Prüfungsinhalt des Unzuständigkeitsurteils ist ein Anschuldigungsbeweis (RIS-Justiz RS0098830 [T3]; Ratz, WK-StPO § 281 Rz 497). Dieser gilt dann als erbracht, wenn sich aus dem Anklagevorbringen in Verbindung mit den Beweisergebnissen der Hauptverhandlung der naheliegende Verdacht ergibt, der inkriminierte Sachverhalt wäre im Fall eines Schuldspruchs als eine in die Zuständigkeit (hier) des Schöffengerichts fallende strafbare Handlung zu beurteilen (RIS-Justiz RS0124012 [T2]). Davon kann erst dann gesprochen werden, wenn Verfahrensergebnisse bei Anlegung eines realitätsbezogenen Maßstabes die Annahme der Erfüllung aller Merkmale eines bestimmten Straftatbestandes als naheliegend erkennen lassen (RS0098830).

Der vom erkennenden Gericht als wahrscheinlich erachtete Sachverhalt kann durch den aus § 489 Abs 1 StPO iVm § 281 Abs 1 Z 6 StPO eröffneten Anfechtungsrahmen nur nach Maßgabe der Z 5 (zugunsten des Angeklagten auch Z 5a) des § 281 Abs 1 StPO, nicht aber beweiswürdigend nach Art der Berufung wegen des Ausspruchs über die Schuld in Frage gestellt werden (RIS-Justiz RS0119510; Ratz , WK-StPO § 281 Rz 499).

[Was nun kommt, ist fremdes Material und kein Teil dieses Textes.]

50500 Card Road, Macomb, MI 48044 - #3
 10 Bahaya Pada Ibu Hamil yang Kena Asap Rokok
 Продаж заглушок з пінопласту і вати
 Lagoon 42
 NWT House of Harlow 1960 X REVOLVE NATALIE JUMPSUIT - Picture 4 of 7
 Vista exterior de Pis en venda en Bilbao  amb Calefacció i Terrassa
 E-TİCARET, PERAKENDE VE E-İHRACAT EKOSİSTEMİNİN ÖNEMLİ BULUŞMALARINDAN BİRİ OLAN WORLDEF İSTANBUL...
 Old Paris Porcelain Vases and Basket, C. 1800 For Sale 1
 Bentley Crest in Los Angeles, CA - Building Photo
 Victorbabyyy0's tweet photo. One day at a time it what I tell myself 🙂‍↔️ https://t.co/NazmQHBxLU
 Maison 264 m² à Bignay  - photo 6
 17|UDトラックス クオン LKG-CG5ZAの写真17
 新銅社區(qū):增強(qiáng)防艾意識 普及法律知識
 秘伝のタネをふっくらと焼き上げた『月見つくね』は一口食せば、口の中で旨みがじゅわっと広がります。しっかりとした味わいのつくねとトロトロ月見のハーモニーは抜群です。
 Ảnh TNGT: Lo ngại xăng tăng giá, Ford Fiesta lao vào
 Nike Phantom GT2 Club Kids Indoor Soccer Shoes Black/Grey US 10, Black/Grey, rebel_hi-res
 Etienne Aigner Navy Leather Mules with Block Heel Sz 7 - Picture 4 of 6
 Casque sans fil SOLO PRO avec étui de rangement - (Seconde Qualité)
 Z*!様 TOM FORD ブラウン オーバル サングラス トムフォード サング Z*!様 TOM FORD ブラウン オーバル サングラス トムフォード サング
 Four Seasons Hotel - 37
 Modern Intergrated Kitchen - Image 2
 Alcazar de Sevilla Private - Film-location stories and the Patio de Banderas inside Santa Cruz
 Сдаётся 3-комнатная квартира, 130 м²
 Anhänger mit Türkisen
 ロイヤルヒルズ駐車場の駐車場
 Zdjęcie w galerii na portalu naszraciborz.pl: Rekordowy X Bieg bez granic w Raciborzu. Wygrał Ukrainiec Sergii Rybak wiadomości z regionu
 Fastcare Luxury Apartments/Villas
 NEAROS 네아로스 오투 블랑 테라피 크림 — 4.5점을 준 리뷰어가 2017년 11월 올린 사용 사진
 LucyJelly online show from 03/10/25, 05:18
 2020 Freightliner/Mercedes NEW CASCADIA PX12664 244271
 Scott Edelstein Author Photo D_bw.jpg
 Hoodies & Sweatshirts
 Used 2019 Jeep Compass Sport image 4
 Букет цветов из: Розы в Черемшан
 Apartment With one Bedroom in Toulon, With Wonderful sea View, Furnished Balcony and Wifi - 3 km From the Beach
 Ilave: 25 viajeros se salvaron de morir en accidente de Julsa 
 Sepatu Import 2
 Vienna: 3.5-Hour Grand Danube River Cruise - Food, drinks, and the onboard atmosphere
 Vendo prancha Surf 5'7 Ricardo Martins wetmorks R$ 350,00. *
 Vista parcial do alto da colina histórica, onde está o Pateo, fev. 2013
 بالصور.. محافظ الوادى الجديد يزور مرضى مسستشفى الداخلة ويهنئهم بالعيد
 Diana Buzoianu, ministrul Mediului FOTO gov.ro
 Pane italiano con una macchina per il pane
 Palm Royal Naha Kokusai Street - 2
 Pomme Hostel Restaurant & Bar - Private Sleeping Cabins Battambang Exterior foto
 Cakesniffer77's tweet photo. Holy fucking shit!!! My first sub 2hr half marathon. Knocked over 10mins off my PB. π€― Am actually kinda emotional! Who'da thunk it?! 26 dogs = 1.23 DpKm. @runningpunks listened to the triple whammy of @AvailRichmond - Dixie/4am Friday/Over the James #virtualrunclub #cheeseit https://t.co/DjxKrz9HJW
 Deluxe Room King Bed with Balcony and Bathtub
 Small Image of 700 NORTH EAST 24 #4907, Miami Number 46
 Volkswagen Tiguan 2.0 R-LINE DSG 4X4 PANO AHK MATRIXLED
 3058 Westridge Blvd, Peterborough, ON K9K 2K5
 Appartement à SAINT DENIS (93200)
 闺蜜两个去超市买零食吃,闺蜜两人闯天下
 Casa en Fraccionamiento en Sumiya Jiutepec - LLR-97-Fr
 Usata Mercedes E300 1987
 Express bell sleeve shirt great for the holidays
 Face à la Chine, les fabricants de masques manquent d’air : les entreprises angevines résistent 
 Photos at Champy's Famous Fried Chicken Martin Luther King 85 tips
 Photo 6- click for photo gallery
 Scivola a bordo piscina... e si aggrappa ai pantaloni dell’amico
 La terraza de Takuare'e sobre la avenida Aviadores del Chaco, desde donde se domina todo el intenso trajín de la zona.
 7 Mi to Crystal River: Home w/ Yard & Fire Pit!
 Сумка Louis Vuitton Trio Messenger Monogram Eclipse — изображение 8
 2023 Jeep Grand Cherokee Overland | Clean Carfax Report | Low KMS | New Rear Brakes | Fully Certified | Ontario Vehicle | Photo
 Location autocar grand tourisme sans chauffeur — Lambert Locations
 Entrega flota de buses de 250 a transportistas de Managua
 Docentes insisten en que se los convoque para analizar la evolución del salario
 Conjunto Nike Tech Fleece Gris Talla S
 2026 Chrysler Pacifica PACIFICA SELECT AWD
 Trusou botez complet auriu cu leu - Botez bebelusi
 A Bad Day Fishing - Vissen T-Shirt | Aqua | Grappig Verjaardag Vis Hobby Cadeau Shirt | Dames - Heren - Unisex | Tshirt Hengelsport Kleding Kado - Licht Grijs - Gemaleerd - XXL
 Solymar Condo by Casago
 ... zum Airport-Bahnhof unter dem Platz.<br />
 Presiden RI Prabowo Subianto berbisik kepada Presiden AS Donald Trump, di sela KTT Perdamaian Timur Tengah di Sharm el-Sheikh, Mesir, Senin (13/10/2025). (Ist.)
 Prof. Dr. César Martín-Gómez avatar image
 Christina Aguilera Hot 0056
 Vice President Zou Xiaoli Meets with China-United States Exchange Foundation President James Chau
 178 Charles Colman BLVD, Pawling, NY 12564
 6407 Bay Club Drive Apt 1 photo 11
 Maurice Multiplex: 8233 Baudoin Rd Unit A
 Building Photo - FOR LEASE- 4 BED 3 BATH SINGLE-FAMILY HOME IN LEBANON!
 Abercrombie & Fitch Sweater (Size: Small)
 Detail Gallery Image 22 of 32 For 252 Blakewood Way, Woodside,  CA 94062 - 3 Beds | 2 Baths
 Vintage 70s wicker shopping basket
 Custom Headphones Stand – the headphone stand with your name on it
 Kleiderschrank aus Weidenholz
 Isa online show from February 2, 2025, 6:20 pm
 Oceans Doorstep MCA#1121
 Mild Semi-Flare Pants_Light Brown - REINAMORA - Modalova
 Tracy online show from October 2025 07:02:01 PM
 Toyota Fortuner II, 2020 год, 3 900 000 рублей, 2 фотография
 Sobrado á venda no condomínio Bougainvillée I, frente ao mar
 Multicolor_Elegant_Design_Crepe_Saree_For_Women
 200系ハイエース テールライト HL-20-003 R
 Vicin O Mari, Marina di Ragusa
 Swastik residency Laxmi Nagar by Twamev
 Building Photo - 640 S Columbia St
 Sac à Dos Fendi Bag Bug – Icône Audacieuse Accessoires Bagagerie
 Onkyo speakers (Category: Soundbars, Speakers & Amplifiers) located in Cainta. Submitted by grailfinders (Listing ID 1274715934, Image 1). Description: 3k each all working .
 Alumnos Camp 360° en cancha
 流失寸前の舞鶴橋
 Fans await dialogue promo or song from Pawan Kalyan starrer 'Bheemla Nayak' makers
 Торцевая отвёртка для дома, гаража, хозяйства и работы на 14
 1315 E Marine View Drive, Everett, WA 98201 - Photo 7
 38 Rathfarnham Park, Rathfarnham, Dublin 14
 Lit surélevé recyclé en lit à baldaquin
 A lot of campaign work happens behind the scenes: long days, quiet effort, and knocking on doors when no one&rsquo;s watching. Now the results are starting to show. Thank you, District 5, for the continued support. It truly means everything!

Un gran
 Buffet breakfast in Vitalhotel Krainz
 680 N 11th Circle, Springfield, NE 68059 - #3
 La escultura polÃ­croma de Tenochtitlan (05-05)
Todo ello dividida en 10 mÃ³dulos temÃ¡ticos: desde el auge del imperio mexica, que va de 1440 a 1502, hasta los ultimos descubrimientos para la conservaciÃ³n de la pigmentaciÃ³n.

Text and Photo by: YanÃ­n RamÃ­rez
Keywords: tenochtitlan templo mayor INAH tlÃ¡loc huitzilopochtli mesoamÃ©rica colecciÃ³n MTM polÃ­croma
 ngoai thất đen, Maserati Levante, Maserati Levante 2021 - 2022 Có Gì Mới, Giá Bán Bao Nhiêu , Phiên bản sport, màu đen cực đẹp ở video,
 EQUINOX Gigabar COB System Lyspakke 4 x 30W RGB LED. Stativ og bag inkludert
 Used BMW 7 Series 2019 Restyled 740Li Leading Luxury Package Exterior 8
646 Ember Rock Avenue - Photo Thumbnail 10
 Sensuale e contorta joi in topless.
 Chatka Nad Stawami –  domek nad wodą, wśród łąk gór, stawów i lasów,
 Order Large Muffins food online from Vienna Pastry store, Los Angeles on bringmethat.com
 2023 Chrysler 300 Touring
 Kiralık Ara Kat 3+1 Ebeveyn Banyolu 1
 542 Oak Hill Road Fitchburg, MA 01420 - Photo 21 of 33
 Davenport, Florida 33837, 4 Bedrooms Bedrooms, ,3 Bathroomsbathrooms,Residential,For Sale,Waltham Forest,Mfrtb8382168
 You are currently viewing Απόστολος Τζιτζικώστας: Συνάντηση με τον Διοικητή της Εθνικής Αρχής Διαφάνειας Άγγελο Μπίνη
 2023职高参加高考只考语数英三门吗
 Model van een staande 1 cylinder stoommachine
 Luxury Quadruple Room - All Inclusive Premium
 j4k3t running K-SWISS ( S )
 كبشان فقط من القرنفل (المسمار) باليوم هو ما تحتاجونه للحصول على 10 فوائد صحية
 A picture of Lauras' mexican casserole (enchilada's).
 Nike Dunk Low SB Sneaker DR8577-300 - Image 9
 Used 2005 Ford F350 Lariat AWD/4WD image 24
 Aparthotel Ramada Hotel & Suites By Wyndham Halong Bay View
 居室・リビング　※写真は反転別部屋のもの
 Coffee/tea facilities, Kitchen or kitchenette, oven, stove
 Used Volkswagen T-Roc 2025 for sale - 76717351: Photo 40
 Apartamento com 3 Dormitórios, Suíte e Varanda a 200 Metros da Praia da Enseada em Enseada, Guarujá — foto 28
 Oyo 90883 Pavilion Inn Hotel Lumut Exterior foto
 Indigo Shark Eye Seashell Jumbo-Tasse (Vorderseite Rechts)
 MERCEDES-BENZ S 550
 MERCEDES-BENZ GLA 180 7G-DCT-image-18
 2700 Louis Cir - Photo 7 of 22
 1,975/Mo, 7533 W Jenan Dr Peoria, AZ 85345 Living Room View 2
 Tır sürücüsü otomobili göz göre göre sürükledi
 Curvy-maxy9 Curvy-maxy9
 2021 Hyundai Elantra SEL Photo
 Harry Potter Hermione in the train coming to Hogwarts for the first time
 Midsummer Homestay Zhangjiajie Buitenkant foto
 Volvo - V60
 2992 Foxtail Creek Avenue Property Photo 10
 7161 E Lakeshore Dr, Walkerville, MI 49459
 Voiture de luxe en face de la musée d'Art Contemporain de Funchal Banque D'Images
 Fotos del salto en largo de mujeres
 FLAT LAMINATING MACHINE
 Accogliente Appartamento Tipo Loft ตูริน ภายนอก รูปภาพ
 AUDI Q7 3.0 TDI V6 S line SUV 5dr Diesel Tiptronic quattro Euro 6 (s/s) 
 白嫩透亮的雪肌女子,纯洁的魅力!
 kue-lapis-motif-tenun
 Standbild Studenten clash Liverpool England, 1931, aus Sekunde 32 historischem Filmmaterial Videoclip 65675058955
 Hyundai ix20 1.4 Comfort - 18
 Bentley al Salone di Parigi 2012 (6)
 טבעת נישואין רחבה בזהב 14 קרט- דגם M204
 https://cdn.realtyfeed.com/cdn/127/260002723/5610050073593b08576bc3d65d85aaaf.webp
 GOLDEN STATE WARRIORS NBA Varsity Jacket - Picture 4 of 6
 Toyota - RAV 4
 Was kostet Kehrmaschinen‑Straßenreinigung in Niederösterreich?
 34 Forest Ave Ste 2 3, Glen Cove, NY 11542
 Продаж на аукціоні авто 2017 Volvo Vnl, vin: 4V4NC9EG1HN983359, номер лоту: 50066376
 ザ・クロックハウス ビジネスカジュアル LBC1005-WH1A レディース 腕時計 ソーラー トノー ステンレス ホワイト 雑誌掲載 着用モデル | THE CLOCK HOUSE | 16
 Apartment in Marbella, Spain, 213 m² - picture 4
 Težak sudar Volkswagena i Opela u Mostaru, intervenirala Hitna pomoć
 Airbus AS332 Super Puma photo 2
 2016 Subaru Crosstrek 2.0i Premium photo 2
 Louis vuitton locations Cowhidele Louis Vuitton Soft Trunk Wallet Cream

Fallbezogen zog der Erstrichter aus dem Umstand, dass der Angeklagte bereits vor dem Eingang der Überweisung vom 17. September 2023 (Strafantrag ON 18) unbekannten Tätern sein Bankkonto zur Übertragung deliktisch erlangter Geldbeträge zur Verfügung gestellt hatte („Money Mule“; Strafantrag ON 21.3), den Schluss, dass ein Anschuldigungsbeweis (auch) dahin vorliege, dass er den Betrag von 55.007 Euro im Wissen um dessen Herrühren aus einer kriminellen Tätigkeit eines anderen (vgl dazu ON 2.3 S 4 f) willentlich an sich brachte (§ 165 Abs 2 und Abs 4 erster Fall StGB; vgl dazu RIS-Justiz RS0129616). Dem Berufungsvorbringen zuwider ist darin weder Willkür in Form eines Missbrauchs der Beweiswürdigungsfreiheit (§ 281 Abs 1 Z 5 vierter Fall StPO) zu erblicken noch begegnet diese Ableitung erheblichen Bedenken (§ 281 Abs 1 Z 5a StPO). Wenn der Angeklagte behauptet, das Erstgericht habe einen „Sachverhalt konstruiert“, der nicht „erwiesen werden“ könne, und ein „einheitliches, unter den Tatbestand der Geldwäscherei gemäß § 165 Abs.1 oder Abs.2 StGB subsumierbares, Vorgehen des Angeklagten zu beiden […] angeklagten Handlungen“ habe „bislang nicht nachgewiesen werden“ können, wobei das Erstgericht nunmehr glaube, „diesen Nachweis […] nachschießen zu können“, ist ihm zu entgegnen, dass Voraussetzung für ein Unzuständigkeitsurteil gerade kein voller Schuldbeweis, sondern lediglich ein Anschuldigungsbeweis ist (RIS-Justiz RS0098097). Mit den weiteren Erwägungen zur vermeintlichen Unwiderlegbarkeit seiner Verantwortung und den daraus gezogenen Schlüssen stellt er hinwieder – indes unzulässig (RIS-Justiz RS0119510) – den vom Erstgericht für wahrscheinlich gehaltenen Sachverhalt lediglich beweiswürdigend in Frage.

Der Berufung war daher – ohne Kostenentscheidung (RIS-Justiz RS0098811) - ein Erfolg zu versagen.